Putting a foot in the stirrup he swung the weight of his body upon the poor horse. Then, holding the spear under his arm, he thrust it into a great post embedded in the wall, spearing it several times with tremendous force, as if he had a stout bull at the end of his lance. The poor hack trembled and bent his legs under these shocks.

"He don't turn badly," said Potaje with conciliating tone. "The penco is better than I thought. He's got a good mouth, good legs. Thou hast won. Let him be kept."

The picador dismounted, disposed to accept anything the contractor offered him after his mysterious "aside."

Gallardo left the group of devotees who had laughingly witnessed this performance. A porter of the plaza went with him to where the bulls were kept. He passed through a little door entering the corrales.

A rubble wall that reached the height of a man's neck surrounded the corral on three sides, strengthened by heavy posts united to the little upper balcony. Passages so narrow that a man could only go through them side-wise opened at certain distances. Eight bulls were in the spacious corral, some lying down, others standing with lowered heads sniffing at the pile of hay before them. The bull-fighter walked the length of these galleries examining the animals. At times he would come outside the barricade, his body looming up through the narrow openings. He waved his arms, giving savage whoops of challenge that stirred the bulls out of their immobility. Some sprang nervously, attacking with lowered head this man who came to disturb the peace of their enclosure. Others stood firm on their legs, waiting with raised heads and threatening mien for the rash being to approach them.
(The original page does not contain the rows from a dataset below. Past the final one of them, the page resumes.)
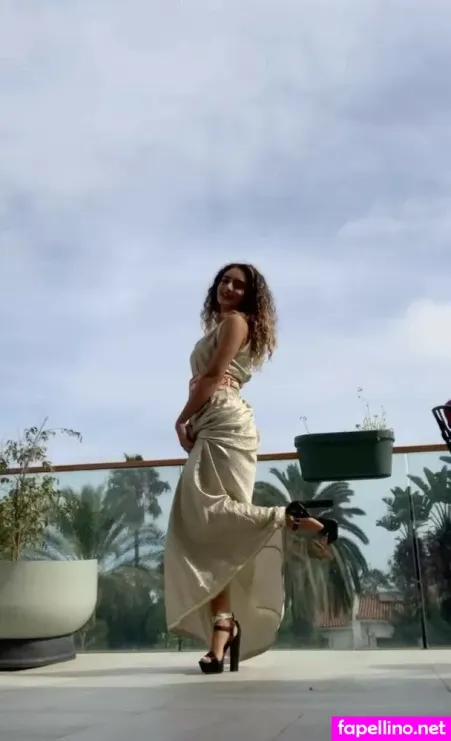 Zineb Bouzoubaa OnlyFans Thumbnail #QZLMtZl798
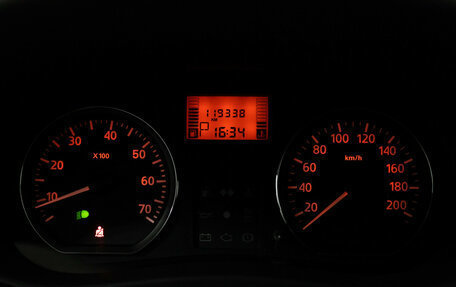 Nissan Almera, 2017 год, 899 700 рублей, 12 фотография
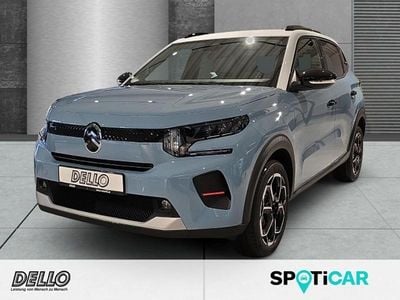 Używany Citroën C3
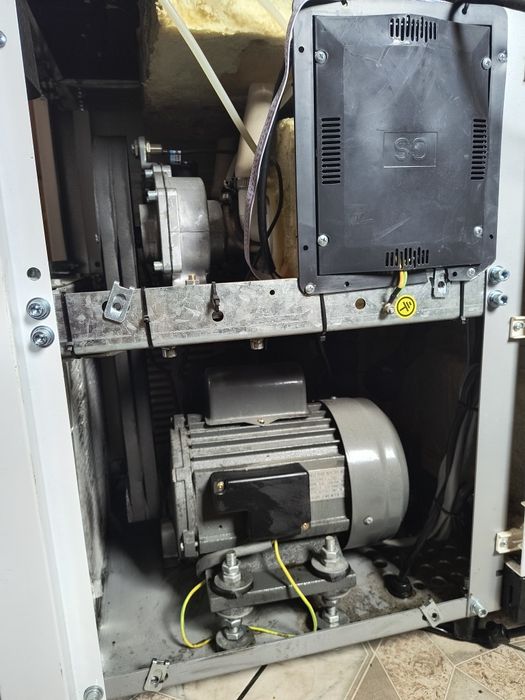 Maszyna do lodów Restoquality RQ208SE
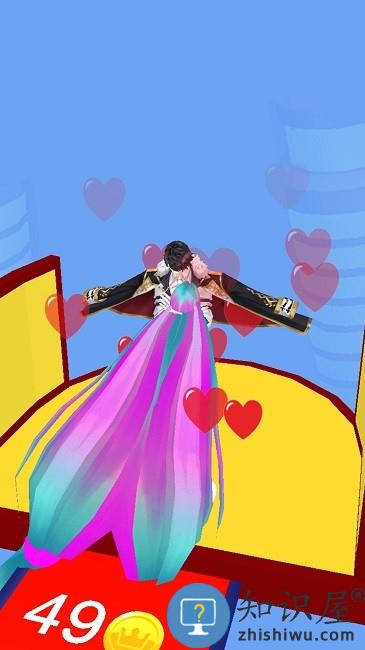 我头发最美游戏下载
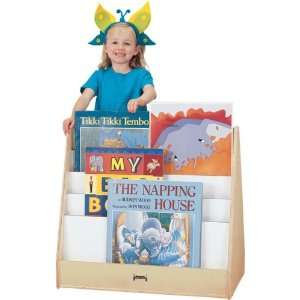  Jonti Craft One Sided Big Book Mobile Pick a Book Stand 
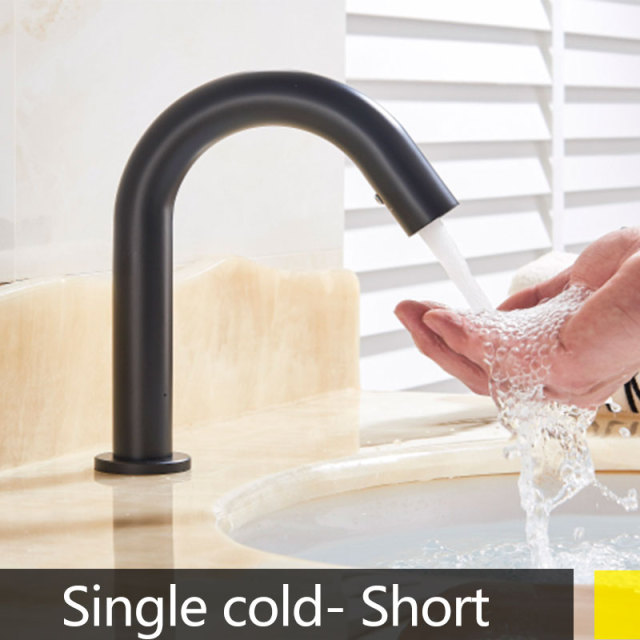 balck single cold A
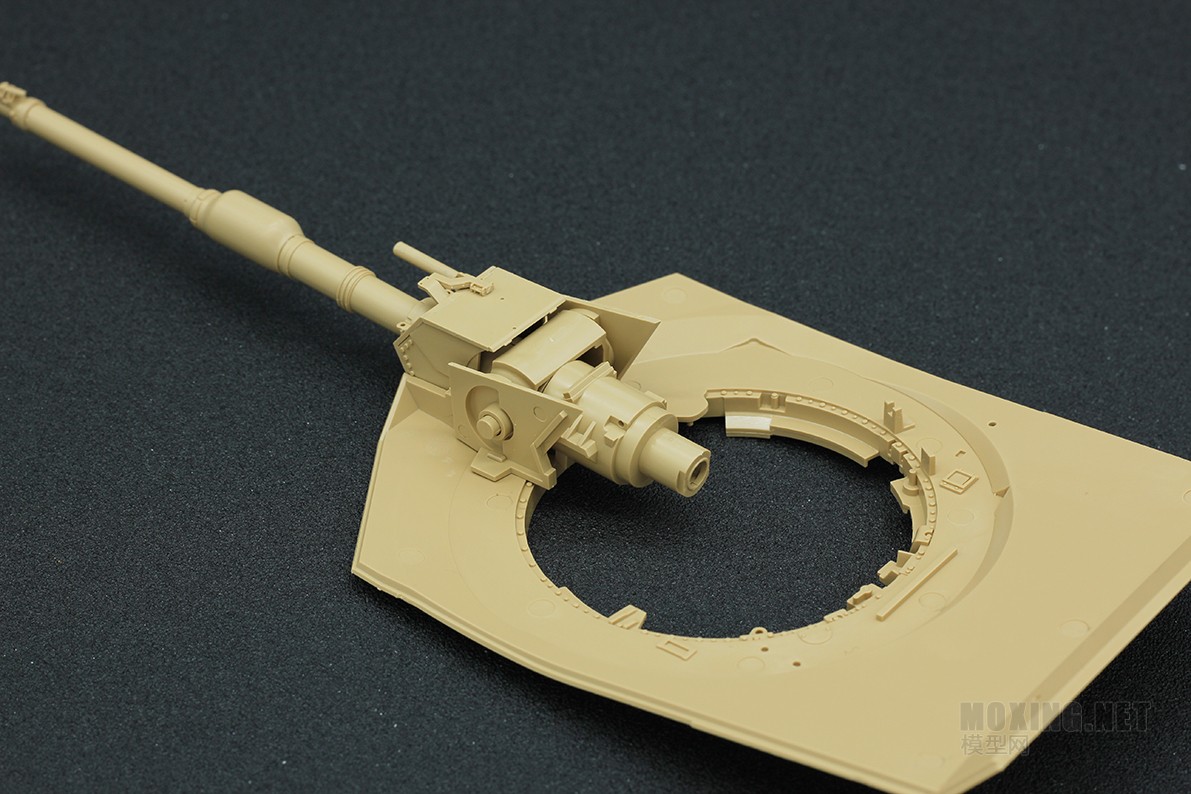 [ģ]RFM()-1/35 M1A2 SEP TUSK I/TUSK II /M1A1 TUSKһ(RM5004)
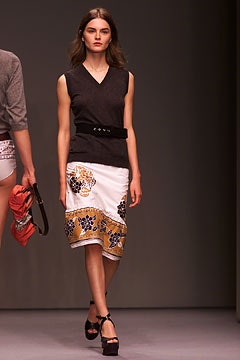 Miu Miu S/S 02 Look 28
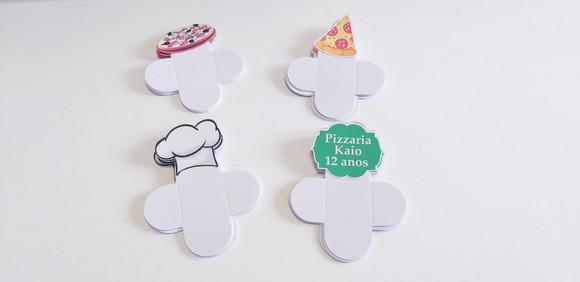 Forminha Pizzaria
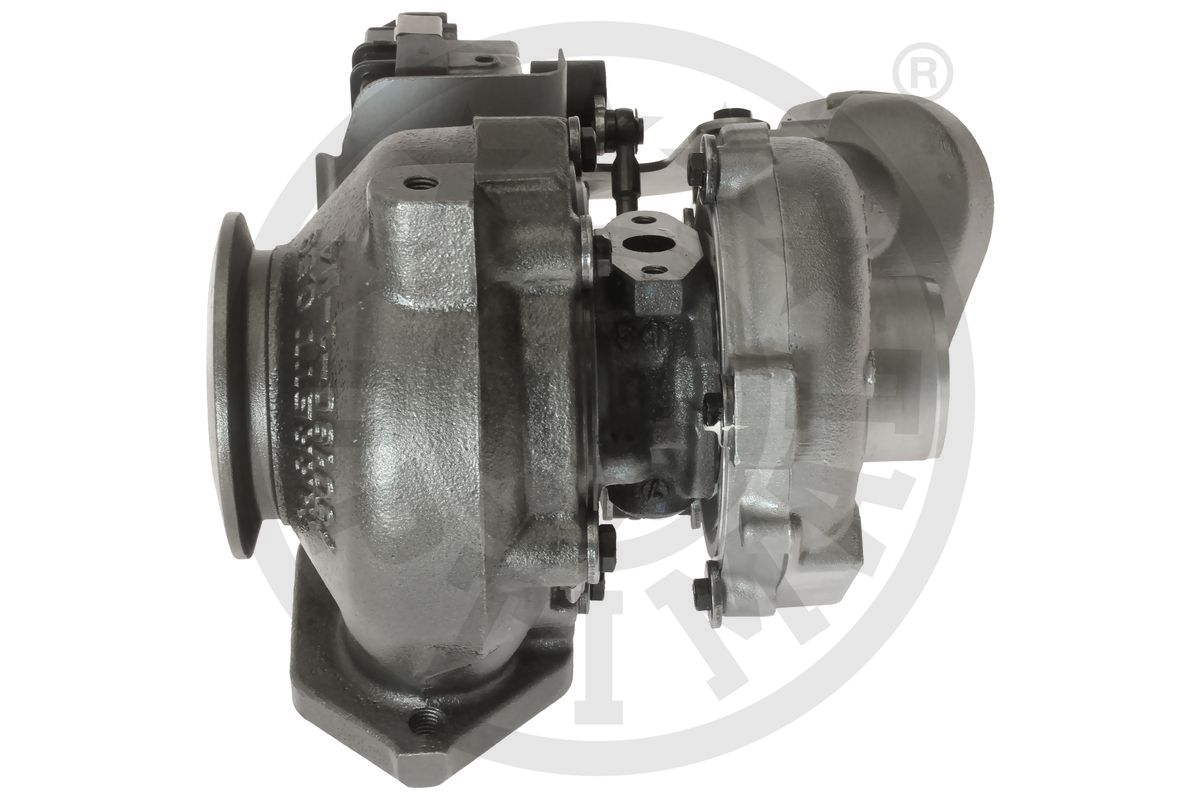 Charger, charging (supercharged/turbocharged)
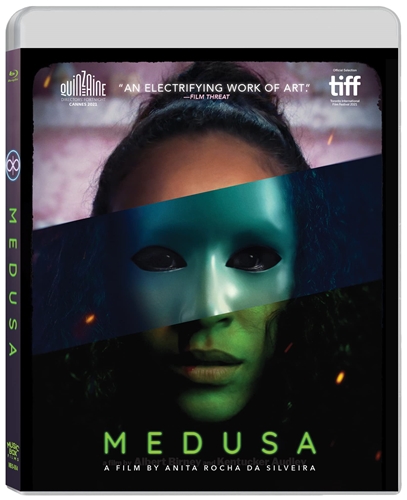 Picture of MEDUSA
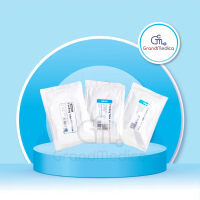 Feeding Tube / Selang Makan/ / Sonde / Stomach Tube/ Maag Slang OneMed - Per Pcs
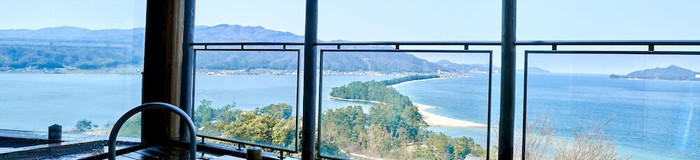 天橋立・宮津のおすすめホテル&旅館11選。温泉で女子旅満喫♡／京都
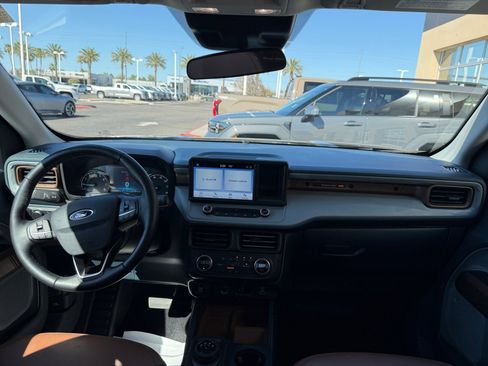 Used 2022 Ford Maverick Lariat image 20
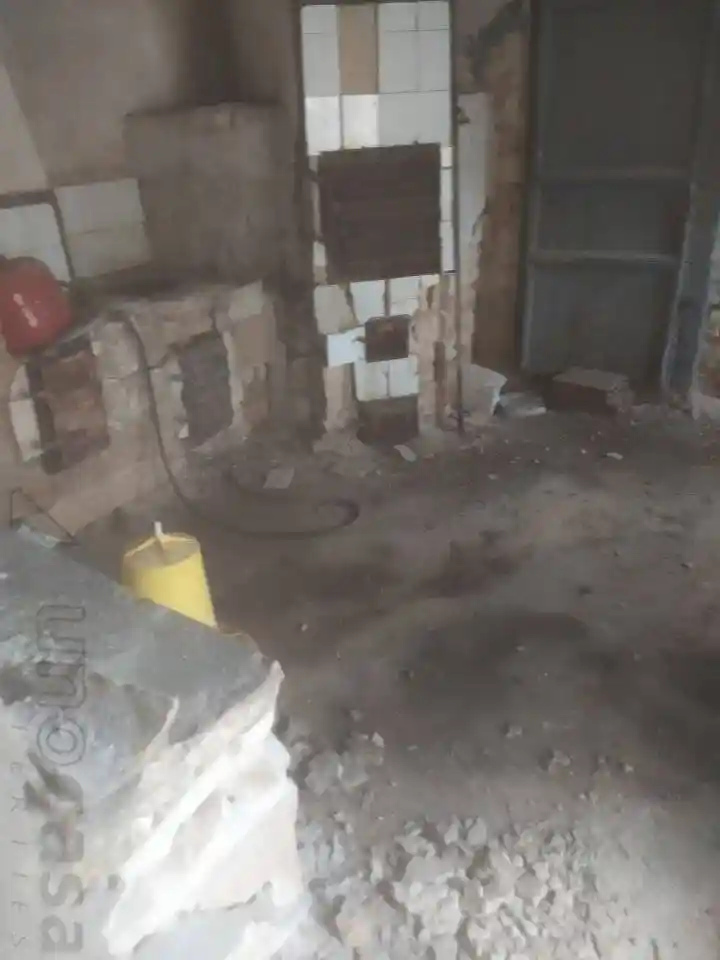 Rustico, da ristrutturare, 650 m², Zappulla, Modica - foto 2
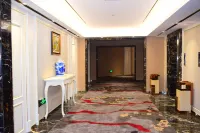 โรงแรมซุนหาว ไห่อัน - 2 ดาว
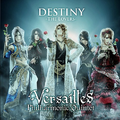 DESTINY-THE LOVERS-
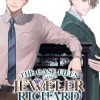 Seven Seas Entertainment Krimis & Thriller-The Case Files of Jeweler Richard (Light Novel) Vol. 12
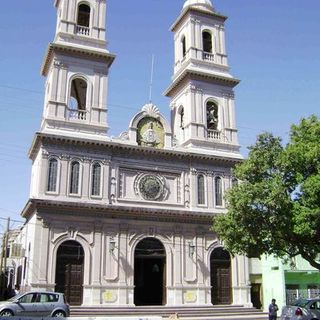 San Juan Bautista Parroquia - Torreon, Coahuila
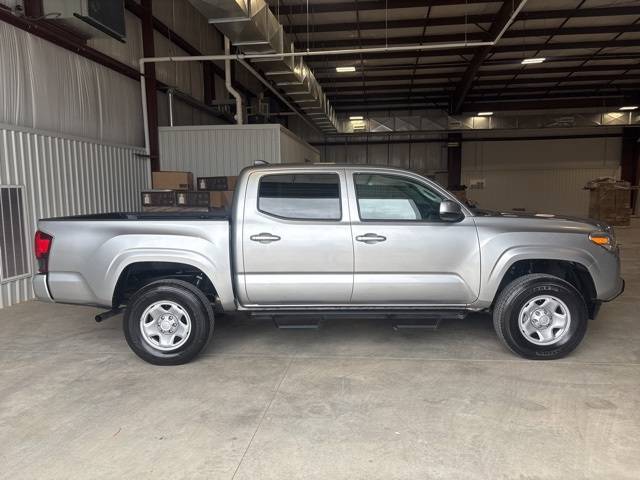 2023 Toyota Tacoma SR — Pickup Truck — 23,726 mi — Jasper, AL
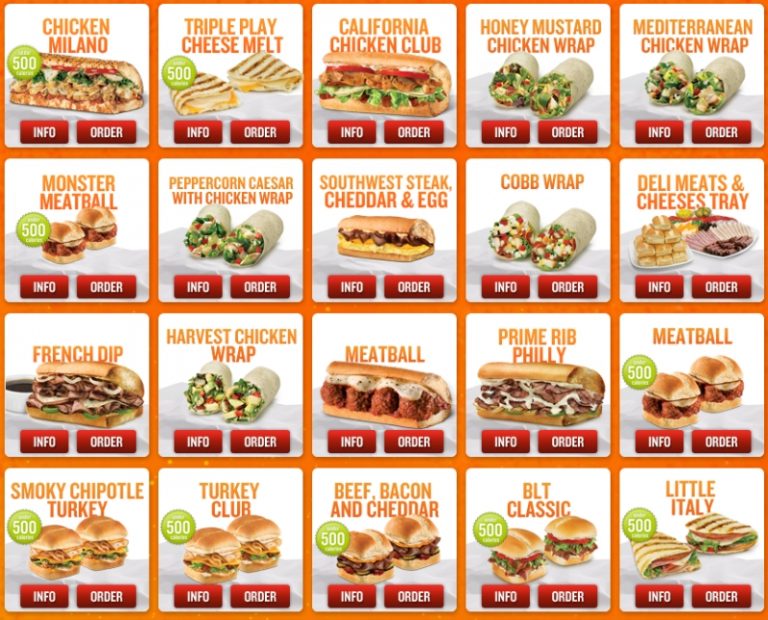 quiznos new menu items 768x620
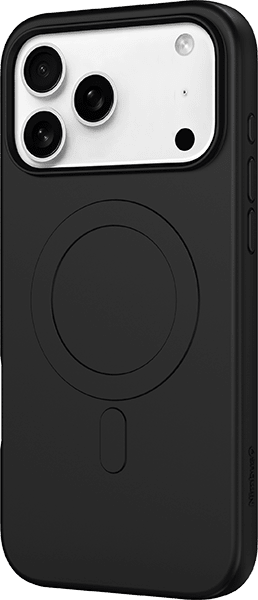 Alto 2 Magsafe Case for iPhone 17 Pro Max Black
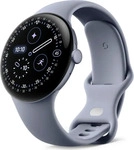 Google GA10850-EU, Google Pixel Watch 4 WiFi 45mm Moonstone, GA10850-EU
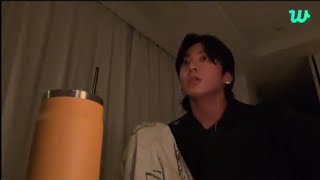 🔴[Full Eng Sub] Jungkook Weverse Live (03.08.2023) | Jungkook Live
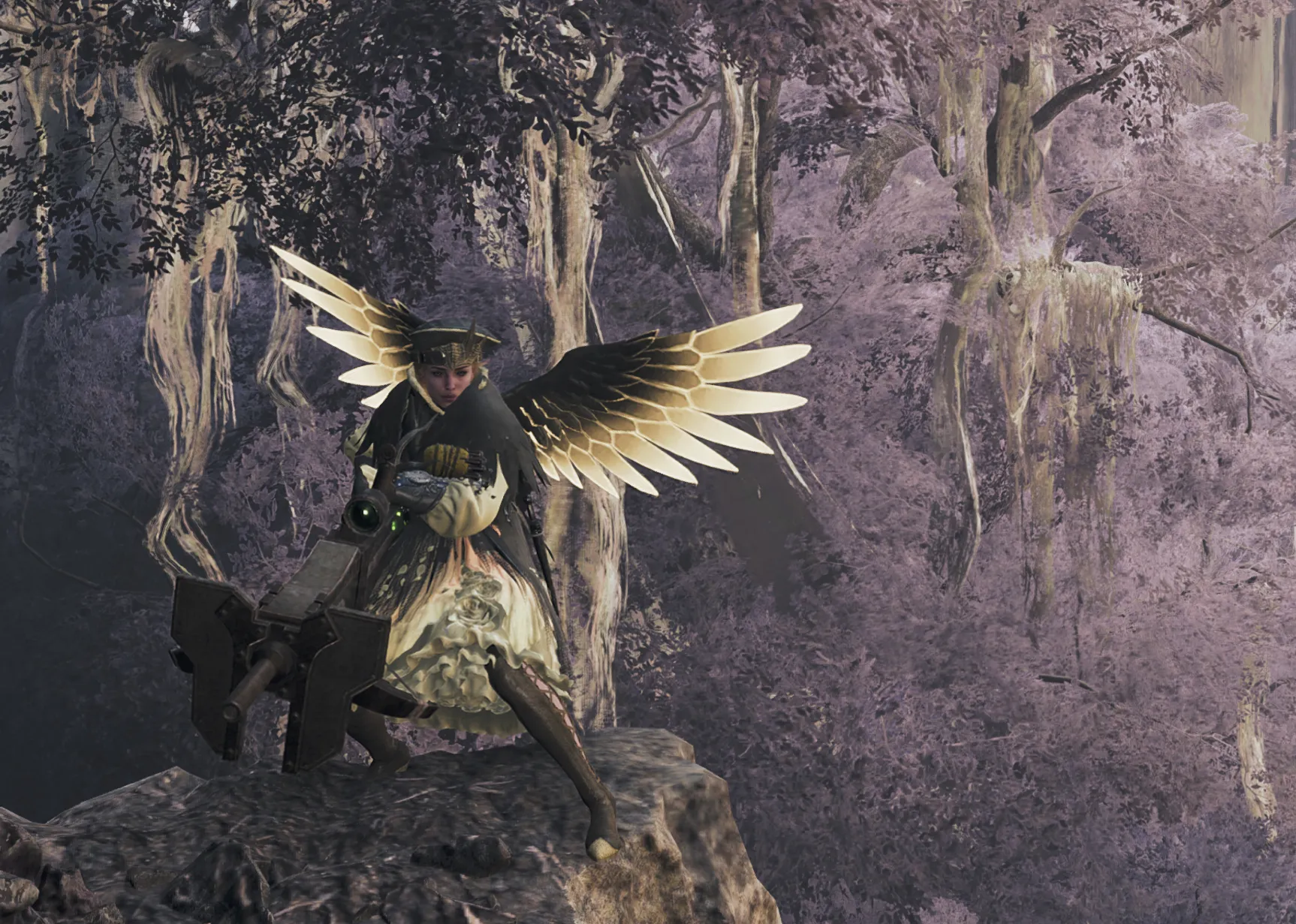 Valkyrie Gunner  3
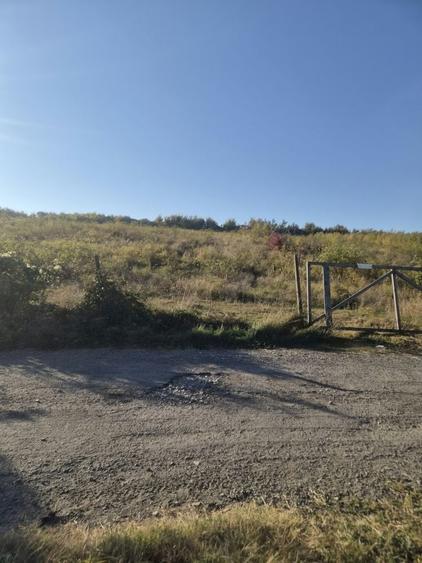 Spațiu comercial, în Valea Călugărească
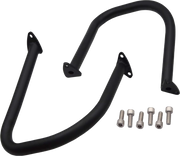 Puig Engine Guards Body DGG002N - Black 15-25 Scouts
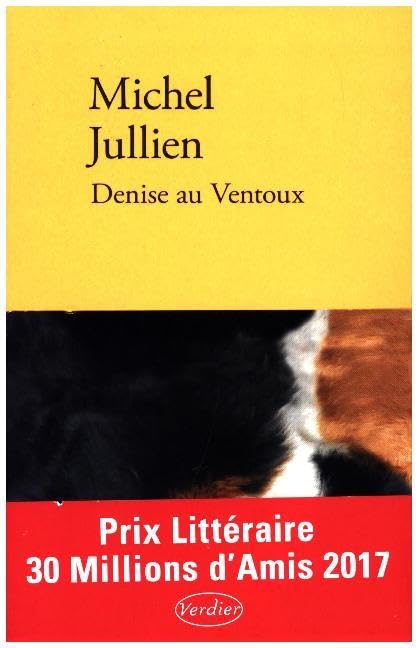 Denise au Ventoux 9782864329077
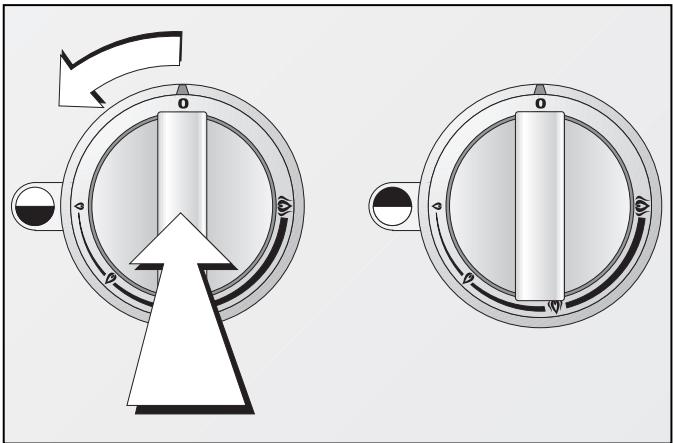 GAGGENAU KG491210 - Utilisation - 1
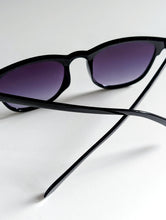 Load image into Gallery viewer, Black Sunglasses
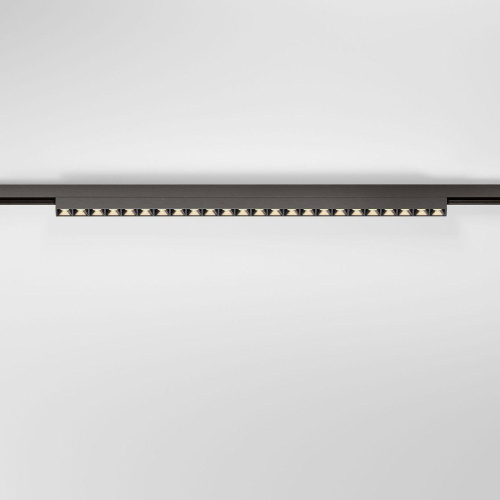 Трековый светодиодный светильник Elektrostandard Titan Line 85529/01 a069714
Gallardo, who quickly hid himself again behind the barricades, examined the appearance and character of the wild beasts, without deciding which two he desired to choose.

The plaza overseer was near him; a big athletic man, with leggings and spurs, dressed in coarse cloth and wearing a broad hat held by a chin strap. They had nicknamed him Young Wolf; he was a rough rider who spent the greater part of the year in the open country, coming to Madrid like a savage, with no curiosity to see its streets nor desire to pass beyond the vicinity of the plaza.

To his mind the capital of Spain was a ring with clearings and waste lands in its environs, and beyond these a mysterious series of houses with which he had felt no desire to become acquainted. The most important establishment in Madrid was, in his opinion, Gallina's tavern, situated near the plaza, a pleasant realm of joy; an enchanting palace where he supped and ate at the manager's cost, before returning to the pastures mounted on his steed, with his dark blanket over the pommel, his saddle bags on the croup, and his spear over his shoulder. He rejoiced in terrifying the servants of the tavern with his friendly greetings; terrible hand-clasps that made the bones crack and drew shrieks of terror. He smiled, proud of his strength and proud to be called "brute," and seated himself before his meal, a plate the size of a dishpan, full of meat and potatoes, besides a jug of wine.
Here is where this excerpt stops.